Differences between Python 2.7.x and Python 3.x, with examples - rasbt
http://sebastianraschka.com/Articles/2014_python_2_3_key_diff.html

======
ak217
"Now, in Python 3, we finally have Unicode (utf-8) strings, and 2 byte
classes: byte and bytearrays."

No, they are Unicode strings. utf-8 is an encoding, and only comes into play
when you want to encode strings into bytes for sending them somewhere, or
decode them from bytes when receiving them. The interpreter's internal
representation of the string is either UCS-4 or an automatically selected
encoding
([http://legacy.python.org/dev/peps/pep-0393/](http://legacy.python.org/dev/peps/pep-0393/)),
but that is an irrelevant implementation detail. Conceptually, the strings are
sequences of Unicode characters, and it helps to think of them that way.

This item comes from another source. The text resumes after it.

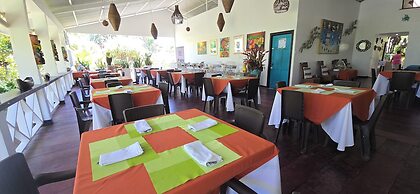 Hotel Tortuguero Beachfront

Here are the really important facts about Unicode handling differences between
Python 2 and 3 (aside from the obvious str/unicode -> bytes/str move):

\- There is no silent Unicode coercion in Python 3. Unlike Python 2, your
bytes objects won't be decoded for you to str just because you happened to
concatenate them with a Unicode string. Your Unicode strings won't be encoded
silently if you write them to a byte stream (instead, Python 3 will fail with
the cryptic error "TypeError: 'str' does not support the buffer interface").

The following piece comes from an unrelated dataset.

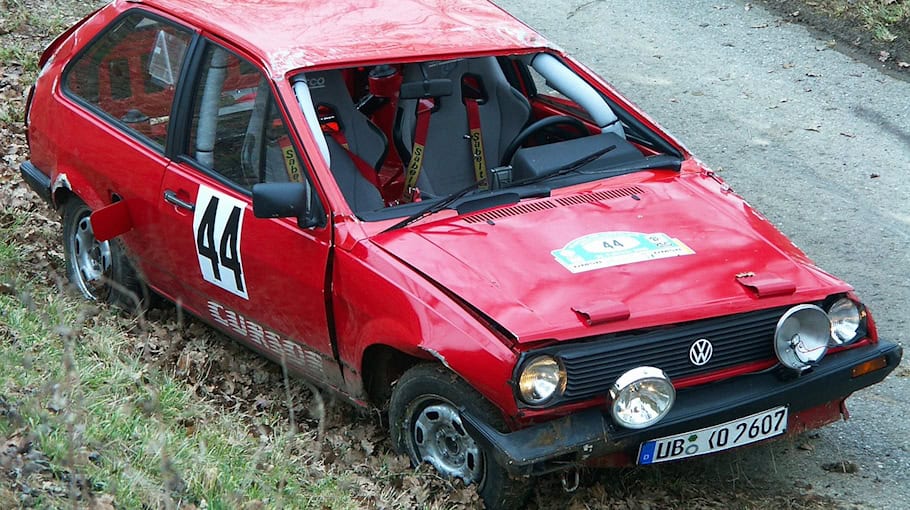 Mazda überschlägt sich in Glashütte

\- The default encoding in Python 3 is utf-8, instead of the insane ascii
default in Python 2.

\- All text I/O methods by default return decoded strings, except if you open
a stream in binary mode (open(filename, "b")), which now actually means what
you'd expect. See the documentation for the io module
([https://docs.python.org/3.4/library/io.html](https://docs.python.org/3.4/library/io.html))
for more information. (You can use the io module in Python 2.7 to write code
that is more forward-compatible with Python 3.)

\- The above I/O semantics includes sys.argv, os.environ, and the standard
streams (sys.stdin/stdout/stderr). The fact that all of these behave
differently between Python 2 and 3 with respect to text encoding makes for a
lot of fun hair pulling when trying to write code compatible with both.

I have built a small library of helper functions to help deal with this stuff
in a sane way:
[https://github.com/kislyuk/eight](https://github.com/kislyuk/eight). Another
project that I can recommend that tries to lessen the pain of writing code
that's compatible with both 2 and 3 is python-future:
[https://github.com/PythonCharmers/python-
future](https://github.com/PythonCharmers/python-future).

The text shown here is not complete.